Mas autoridades descreveram, sob condição de manterem o
anonimato, uma vigilância crescente e generalizada a pessoas que integram o
Black Bloc, cuja extensão ainda não tinha sido divulgada pela imprensa.
Além de monitorar as comunicações do grupo no Facebook e
outras mídias sociais, agentes da inteligência se infiltraram no movimento e
passaram informações para a polícia antes e durante recentes manifestações,
disseram dois funcionários.
As autoridades também vêm usando tecnologia avançada para
localizar os computadores de manifestantes violentos e ter acesso às suas
comunicações, com a finalidade de identificar líderes e monitorar suas
atividades, afirmou um funcionário.
Os funcionários enfatizaram que tais esforços não estão
sendo direcionados à população brasileira em geral, mas aos membros de grupos
violentos. Eles não quiseram especificar quais agências ou forças policiais
estão realizando a vigilância nem dar mais detalhes sobre como a informação
está sendo usada.
As táticas refletem a crença do governo Dilma de que, ao
contrário das manifestações em grande parte pacíficas do ano passado, os black
blocs são um problema criminal e devem ser tratados como tal.
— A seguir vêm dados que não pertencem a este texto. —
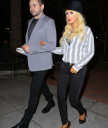 _Christina_Aguilera_HQCandids_281529_.jpg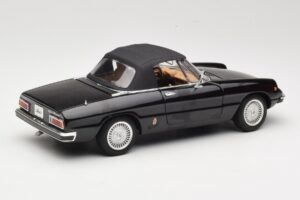 Alfa Romeo Spider 916 Veloce Nero Ricko 1:18 32107 Pressofusione — immagine 3 di 8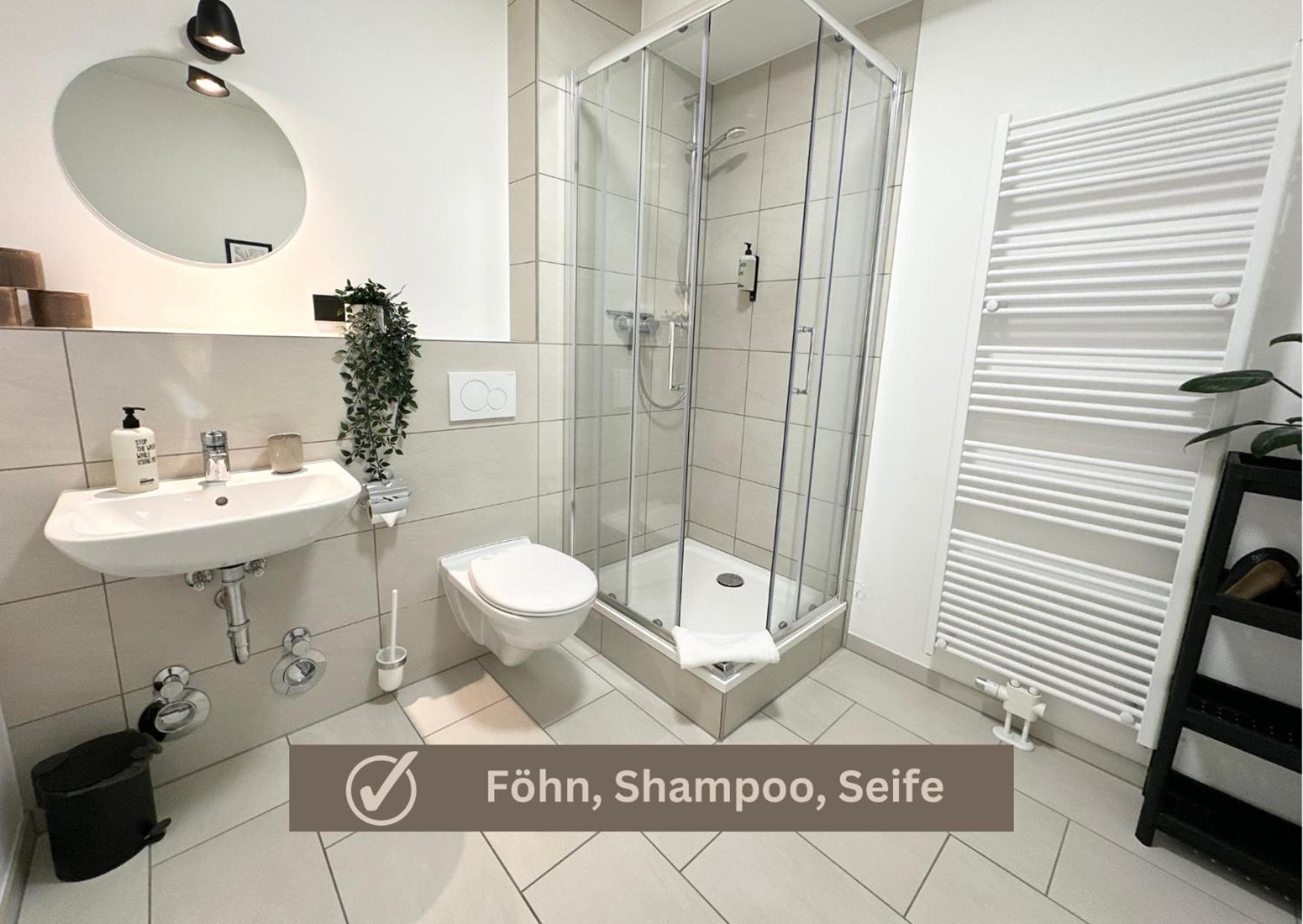 Special Apartment - Stadtnah, Balkon, Parkplatz, E-Ladestation, Gitterbox Fuer Fahrraeder, Fitnessstudio Koblenc Exteriér fotografie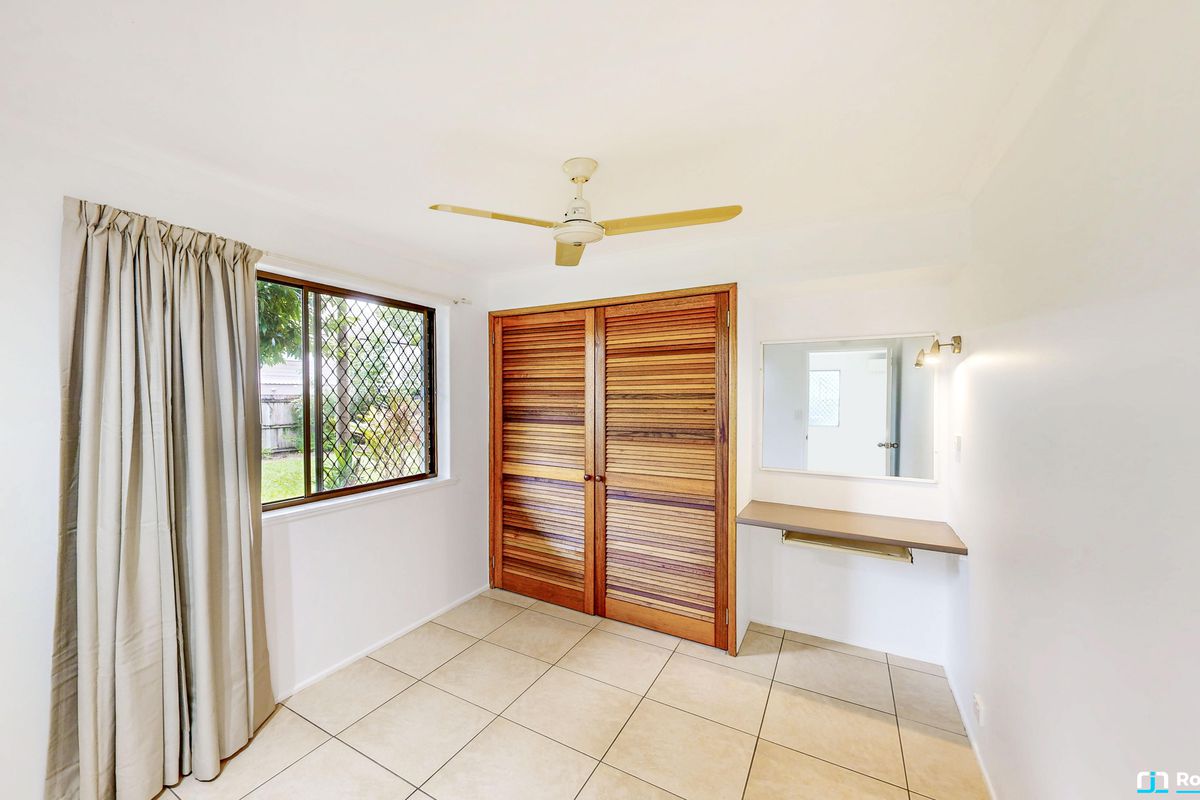 2 / 46 Poinciana Avenue, Tewantin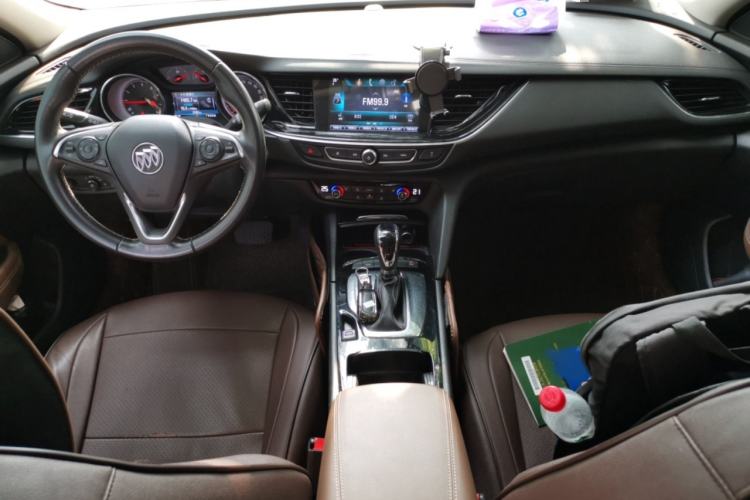 Used Buick Regal 2017 20T Elite Edition Interior 2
"No ano passado todo mundo pensou que isto era os anos
1960. Mas agora é apenas Seattle", disse um alto funcionário, referindo-se
aos famosos protestos que se tornaram violentos na reunião da Organização
Mundial do Comércio em 1999.
ORIGEM INTERNACIONAL
A vigilância corre o risco de provocar um mal-estar em um
país com más lembranças da ditadura militar de 1964-1985, que espionava
intensamente esquerdistas suspeitos, incluindo a própria Dilma, na época,
integrante de um grupo guerrilheiro marxista.
O secretário de Segurança Pública do Estado de São Paulo,
Fernando Grella Vieira, não quis fazer comentários sobre os procedimentos da
área de inteligência, mas disse que as forças de segurança "respeitam completamente
o direito das pessoas protestarem em paz".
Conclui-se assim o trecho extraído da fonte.